• What you have to do
Find the line with "clarks brake lever" in the entries below, then reproduce it and every line after it down to and including the line with "QR code for 546RRX", exactly.

• Data under study
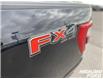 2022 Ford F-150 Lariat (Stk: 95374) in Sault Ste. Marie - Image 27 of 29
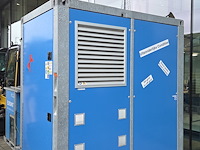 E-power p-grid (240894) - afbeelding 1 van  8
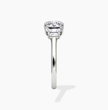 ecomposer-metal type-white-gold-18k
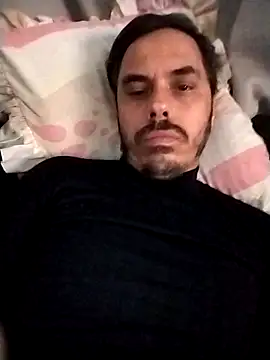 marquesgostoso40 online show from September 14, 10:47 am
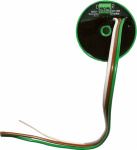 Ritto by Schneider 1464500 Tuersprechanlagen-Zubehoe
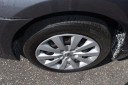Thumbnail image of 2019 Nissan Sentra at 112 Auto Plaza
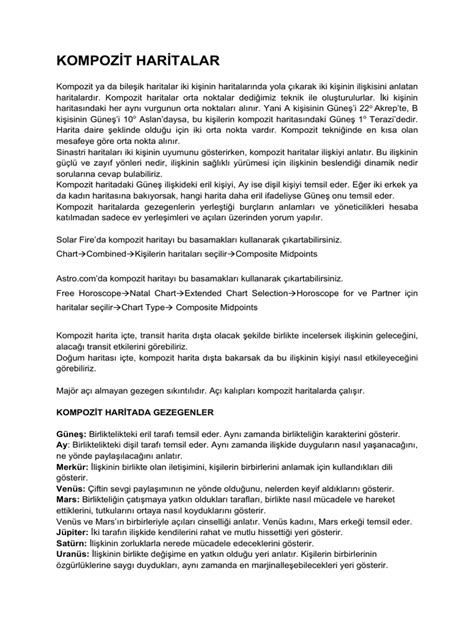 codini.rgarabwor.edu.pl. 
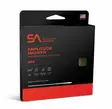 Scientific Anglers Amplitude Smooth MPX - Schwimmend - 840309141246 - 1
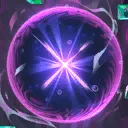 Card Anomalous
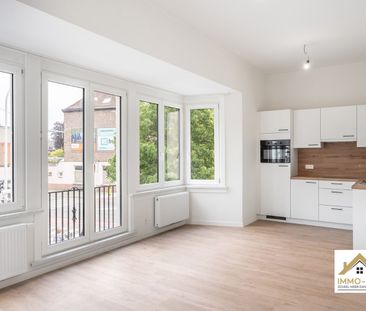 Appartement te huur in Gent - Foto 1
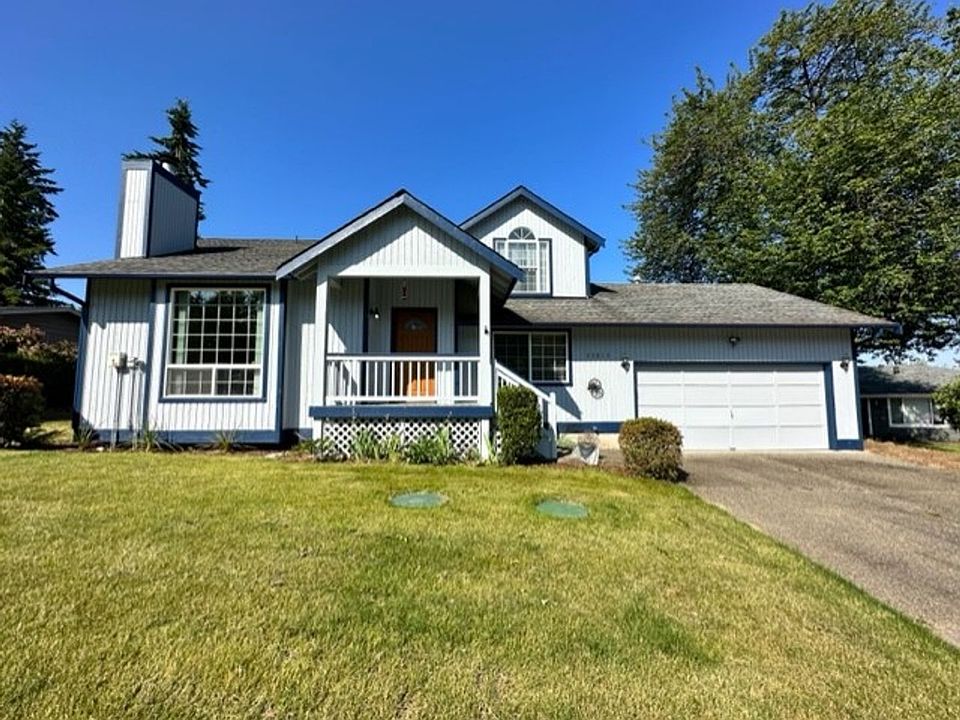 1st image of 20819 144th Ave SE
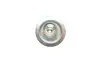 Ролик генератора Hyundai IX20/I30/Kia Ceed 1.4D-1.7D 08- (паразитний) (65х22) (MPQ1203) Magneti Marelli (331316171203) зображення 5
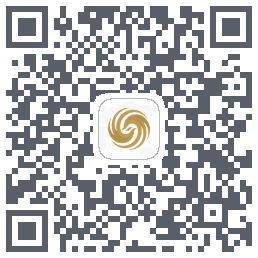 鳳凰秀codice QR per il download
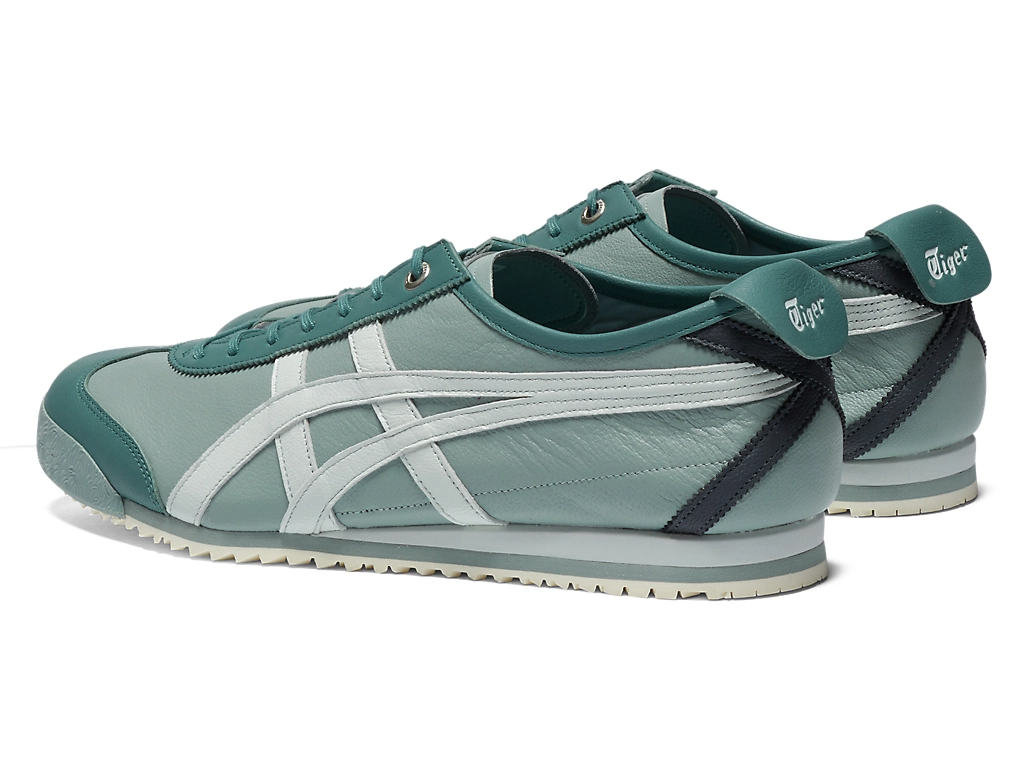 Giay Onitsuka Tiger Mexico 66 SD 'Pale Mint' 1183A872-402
--
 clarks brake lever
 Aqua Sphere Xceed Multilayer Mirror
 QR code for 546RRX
...
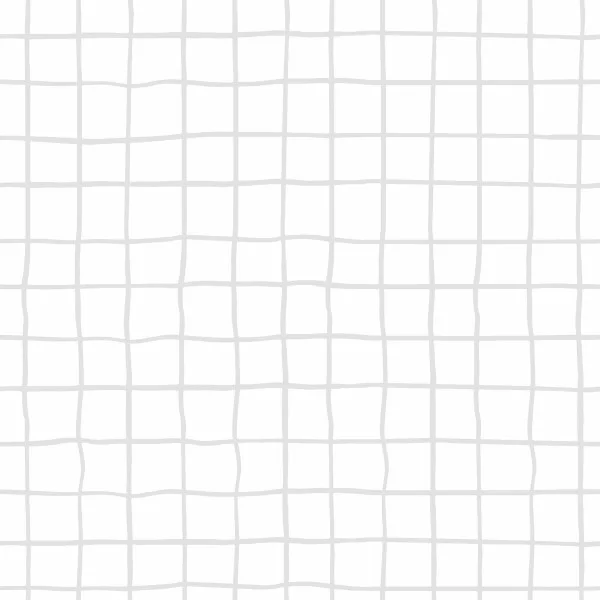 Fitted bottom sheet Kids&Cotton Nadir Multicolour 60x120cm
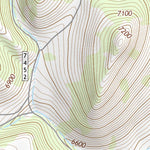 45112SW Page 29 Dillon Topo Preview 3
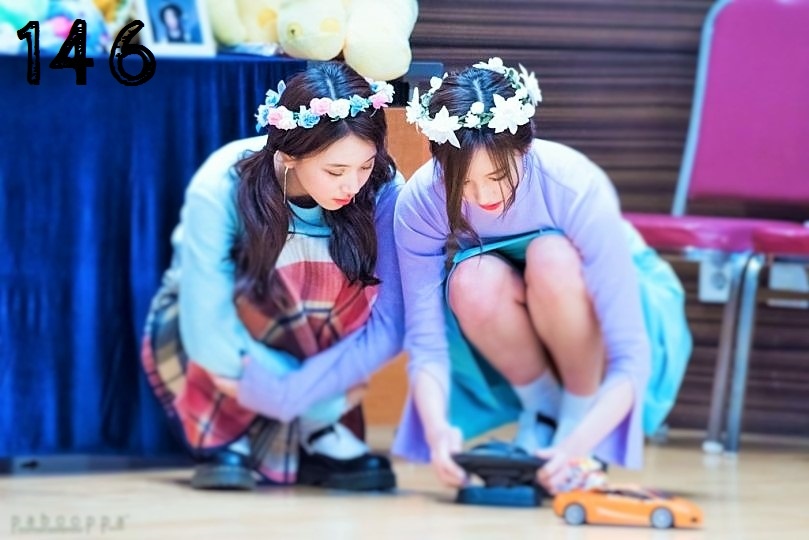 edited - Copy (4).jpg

• Solution to this exercise
 clarks brake lever
 Aqua Sphere Xceed Multilayer Mirror
 QR code for 546RRX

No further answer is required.